“Night Swimming Governed By State Codes,” News-Press

“Night Swimming Governed By State Codes,” News-Press

Q: Our homeowners’ association pool is only open from “dawn to dusk.” With the time change, it gets dark early. Residents who work are not able to use the pool during the week. Can the board change the pool hours or is “dawn to dusk” mandated by the state? (L.T., via e-mail)

A: The Environmental Health Division of the Florida Department of Health does not specify required hours for community swimming pools. The law only requires that the pool hours must be posted on the rules sign adjacent to the pool.
Generally, the board has the authority to adopt reasonable rules governing the use and operation of the common areas. Any changes to the rules governing the common areas would require 48 hours’ posted notice of the board meeting where the rule is considered, plus adherence to any particular requirements of the governing documents for the community.
Under state codes, regulated pools cannot be open at night (defined as 30 minutes before sunset to 30 minutes after sunrise), or when adequate natural lighting is not available, unless the pool and pool deck have proper lighting for the safety of patrons. These standards are found in Chapter 64E-9.006(2)(c) of the Florida Administrative Code. The lighting plan has to be certified as compliant by an engineer licensed in Florida and must be approved by the local building department after a professional conducts a field inspection. Following approval, the phrase “night swimming approved” will be noted on the Florida Department of Health’s pool permit.
Your board would need to determine if the community pool has compliant lighting before considering whether to change the pool’s hours of operation.

Q: Our homeowners’ association is looking to amend our documents to include an application process for new buyers. I am worried it will decrease the pool of potential buyers. I feel that the board has no right to interfere with the sale of my home.
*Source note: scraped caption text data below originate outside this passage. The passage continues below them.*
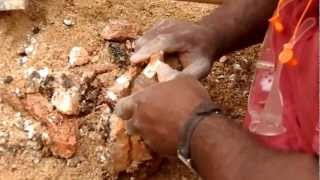 Amos Cunningham's  emerald/green beryl mine in rural South Carolina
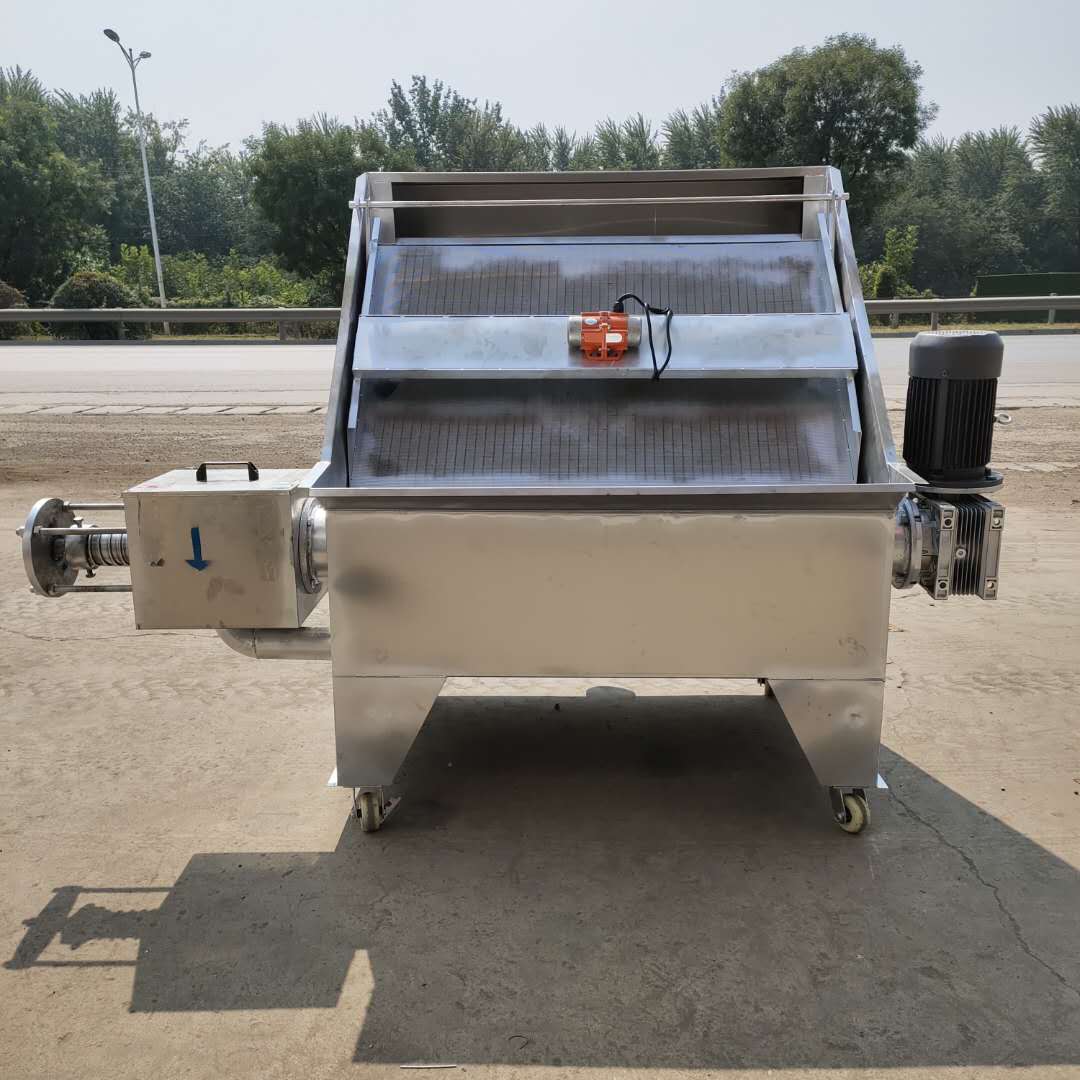 Fecal dewatering machine, aquaculture dry wet separation, solid-liquid separation, extrusion machine, oblique screen separator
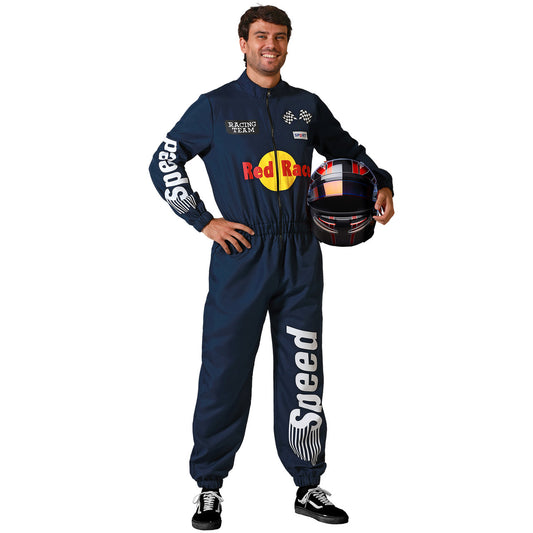 Formel-1-Piloten-Kostüm Blau für Erwachsene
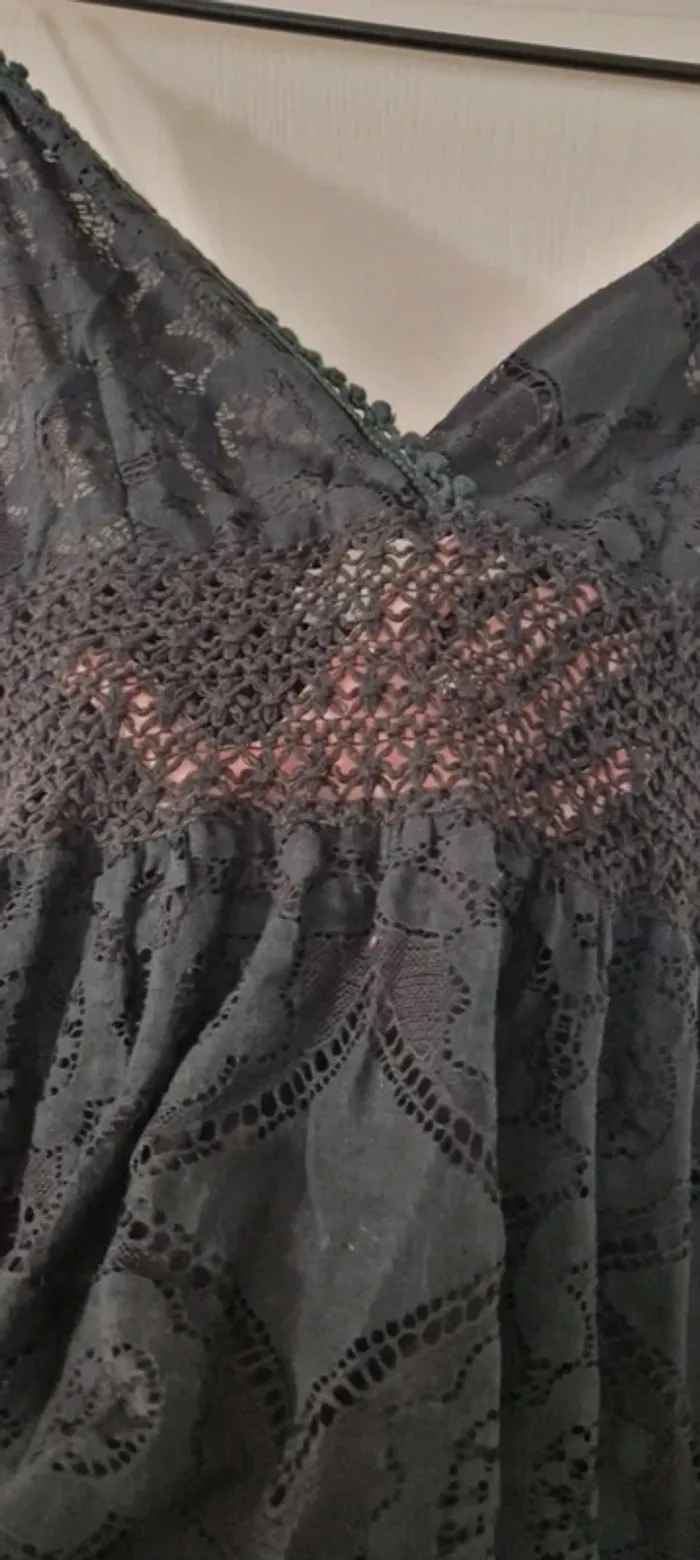 Robe bohème dentelle noir - photo numéro 12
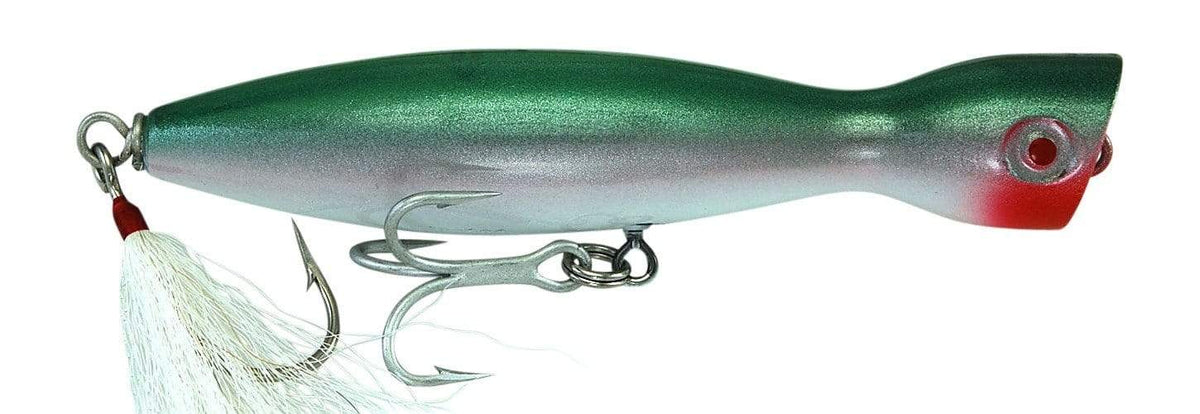 Super Strike Heavy Little Neck Poppers 2 3/4 oz / Green/White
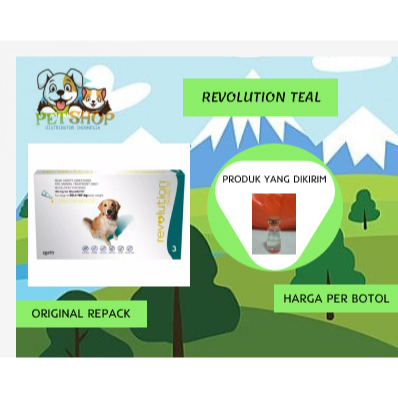 Revolution Teal Large Dog Obat Kutu Anjing Besar 2ml (20-40kg) Repack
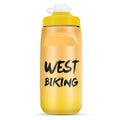 WEST BIKING 620ML Bicycle Water Bottle Portable Outdoor Cycling Water Cup, Color: Bright Yellow
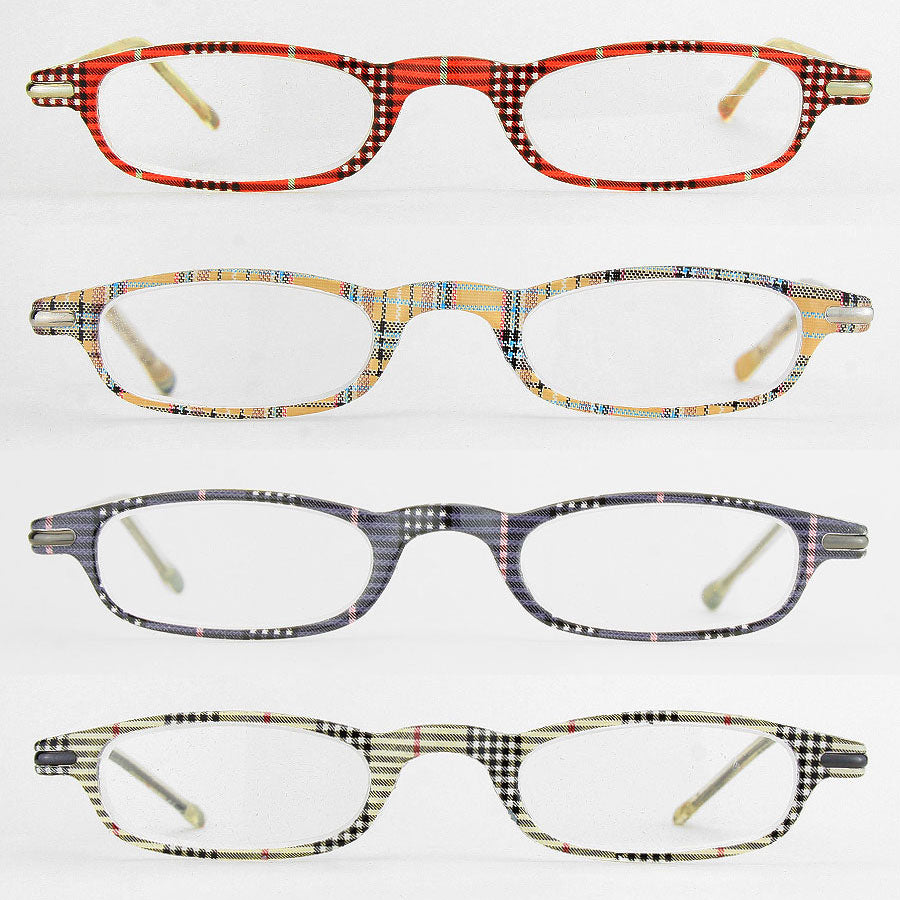 iLLASPARKZ Plaid Design Reading Glasses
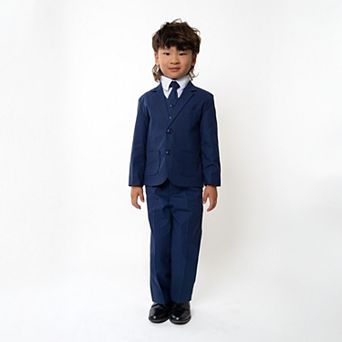 Toddler Boys 12M-5T Leo Linen 5 pc Suit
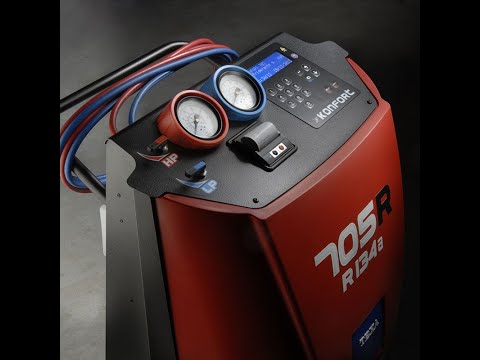 How to use TEXA 705R R134a in Renault Megane | Recharge station for vehicle air conditioning systems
Do I have the legal right to bar them from implementing this new “application process?” (L.L., via e-mail)

A: You certainly have the right to vote for or against the amendment.

What you describe is not at all uncommon. The vast majority of condominium associations in Florida (at least those I deal with in Southwest Florida) have a pre-sale approval process, as do a significant percentage of homeowners’ associations.

Personally, I do not believe that this decreases the pool of potential buyers given the prevalence of such requirements in planned communities. I suspect some may argue that it would increase sales prospects, as some buyers may feel more comfortable with knowing that some level of review is done in connection with new home purchasers.

As a practical matter, there are very few reasons under applicable case law as to when an association could deny a purchase application without matching your price, either through exercising a right of first refusal or furnishing a substitute purchaser, both of which are exceedingly rare.

Many documents allow the association to require criminal background checks on potential residents and permit disapproval for serious crimes, such as sex offenses and narcotics trafficking.
The law in this arena is a bit complicated. Your association should ensure that the proposal being put out for vote was prepared by an attorney who is competent in this field of law. Among other things, counsel needs to be aware of and advise the association regarding the interplay of approval provisions and applicable anti-discrimination laws.